Il gioco di seduzione (perché di questo in fondo si tratta) si sposta dal livello di un personaggio terzo, come comunemente accade, al personaggio stesso del drammaturgo. Per intercessione di un narcisismo che può apparire ingombrante, ma che viene tuttavia “usato” come strumento di un’autoconoscenza che investe la complessità della vita, della Storia, dell’umanità, con il suo carico di violenza, e in definitiva riguarda ciascuno di noi. A partire dalla linea narrativa principale, quella del racconto della morte del padre. Tema di fondo che induce nello spettatore una continua identificazione con la vicenda del protagonista, per il resto abbastanza inverosimile e provocatoria. L’assassino seriale tra i più feroci del XX secolo, sulla figura del quale si inaugura una mostra di cui il drammaturgo ha curato i testi; il contratto da sceneggiatore che gli viene proposto da una casa di produzione di film porno; l’intenzione, frustrata, di convertirsi all’ebraismo sono i temi e le figure del racconto. Afflato religioso e fascino per il perverso cuciti insieme in una Düsseldorf nella quale il padre del protagonista-autore è venuto inconsapevolmente a morire. Tutto si innerva in un flusso mai pretestuoso che riesce ad armonizzare temi e figure apparentemente inconciliabili. L’incongruo di una maschera di cervo fatta indossare al padre finisce per accordarsi con il tema della morte: il cervo maschio infatti muore rotolandosi nei fiori per non far vedere a suoi che sta morendo, ed emette un particolarissimo bramito (da qui il titolo). Elegia e crudeltà, humor nero e assurdo, provocazione e delicatezza di sentimenti convivono in un impasto a tratti straziante, originalissimo.

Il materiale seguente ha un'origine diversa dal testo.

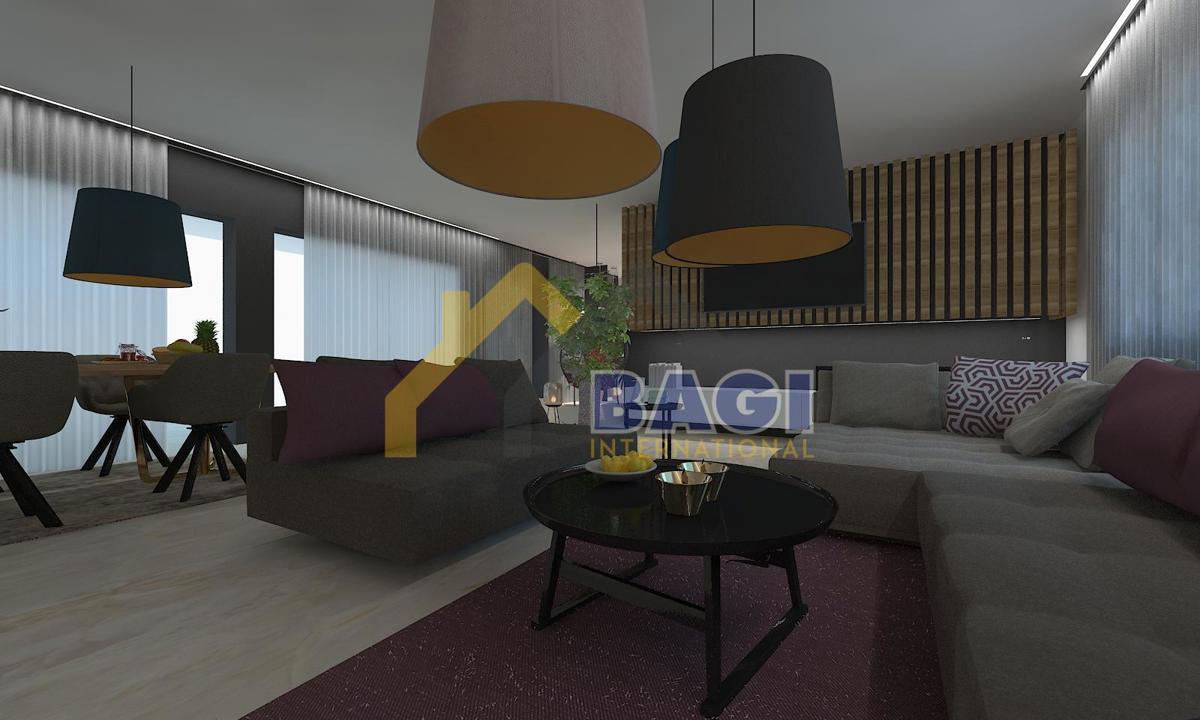 Appartamento Gračani, Podsljeme, 130m2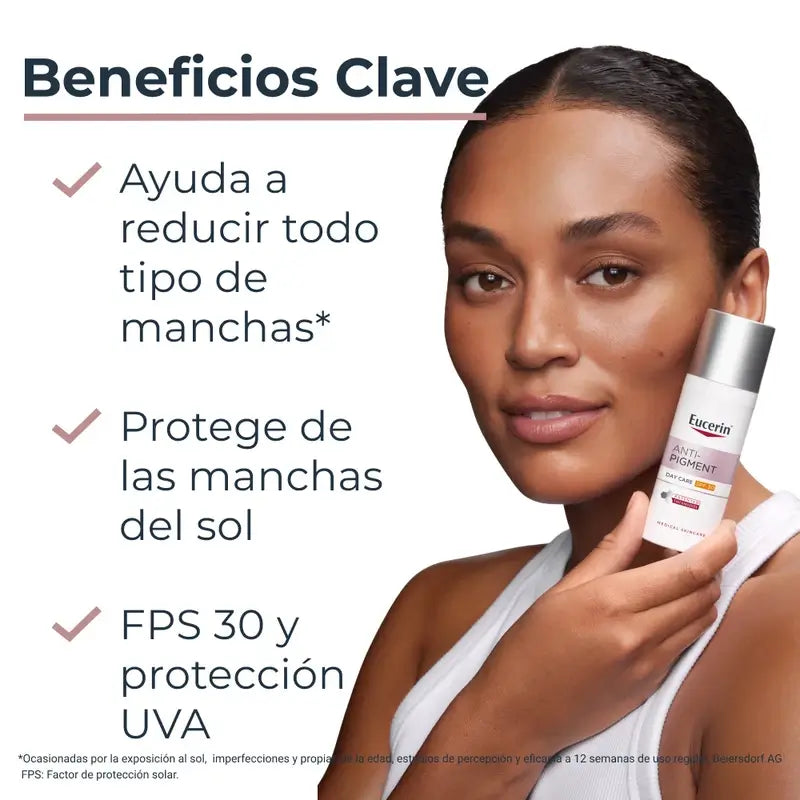 Eucerin Crema Giorno Anti-Pigmento SPF 30, 50 ml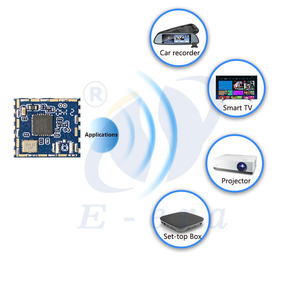 Großhandels preis SV6158P WLAN-Modul 2.4G kleines 150m Übertragungs modul 3.3V drahtloses IOT-Modul mit geringem Strom verbrauch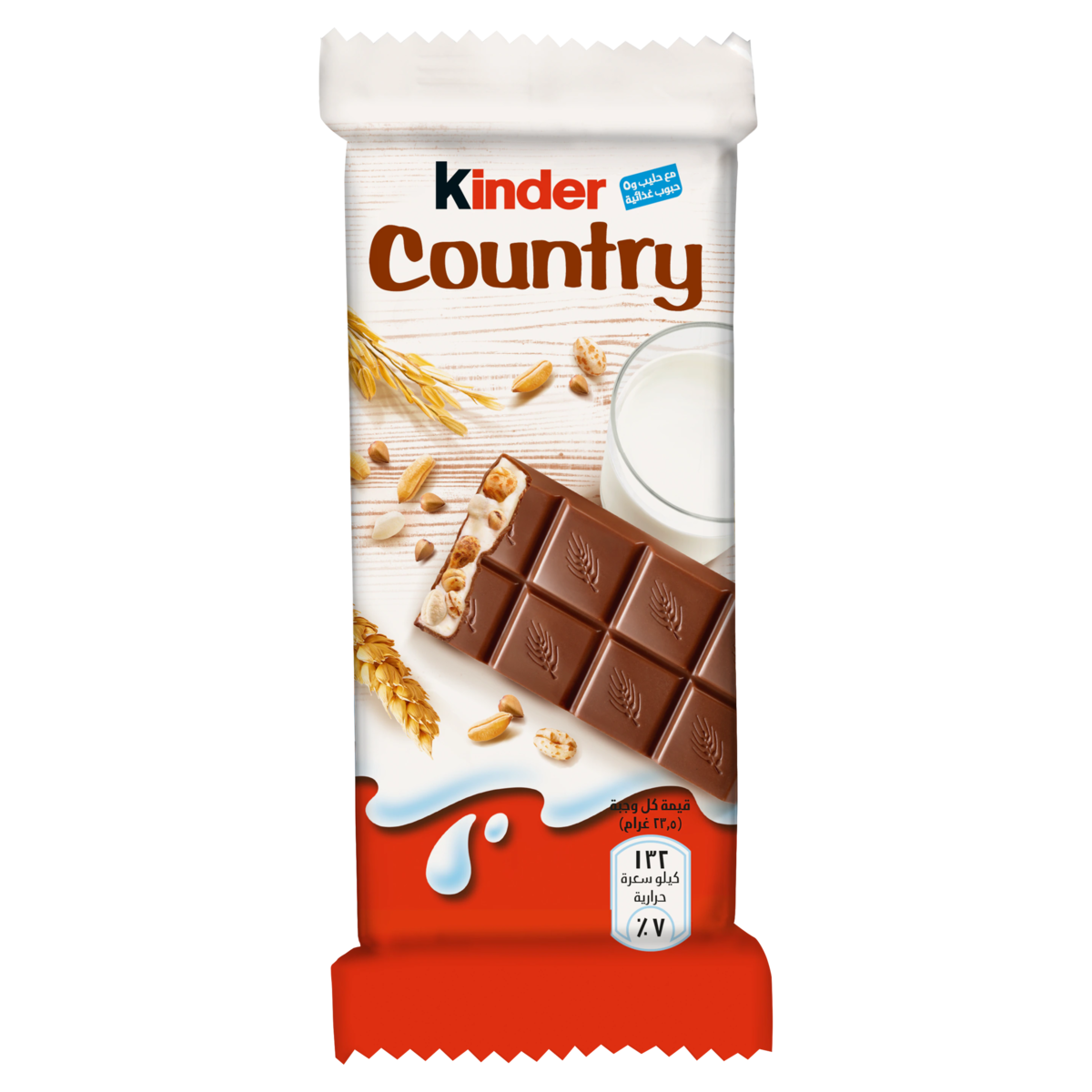 CHOC KINDER COUNTRY 23,5G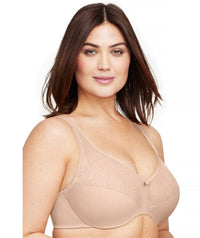 Glamorise WonderWire Minimizer Bra - Cafe Bras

E troviamo declinati temi cardine come: l’arte e il piacere sono indipendenti dalla morale? In fondo è un’arte profondamente etica questa di Blanco, anche se gli strumenti che usa sono quelli della provocazione e di una certa disposizione a indurre brevi e ripetuti shock nello spettatore. Che se da un lato svegliano l’attenzione (il gioco scenico è tutto sommato affidato alla sola schermaglia verbale), dall’altro allertano il senso di pericolo riguardo una sempre possibile caduta spirituale, personale e insieme collettiva. Può l’uomo più malvagio accorgersi dell’abisso in cui è caduto? L’assassino seriale – ci viene raccontato – alla fine chiese alla moglie di denunciarlo. La casa di produzione di film porno verrà chiusa perché complice di un traffico internazionale di organi ed esseri umani; verrà bloccata anche la mostra sul serial killer, e infine la conversione del drammaturgo all’ebraismo– pretestuosa? – gli sarà negata. Segno del risveglio di una moralità del cosmo? O di una giustizia più alta? Gioco di specchi, giostra di riflessi metateatrali che innesca ulteriori riflessi, nel quale si innesta continuamente come un gioco perverso la tentazione di fagocitare la vita con il teatro: o è necessità di indagare profondità altrimenti insondabili?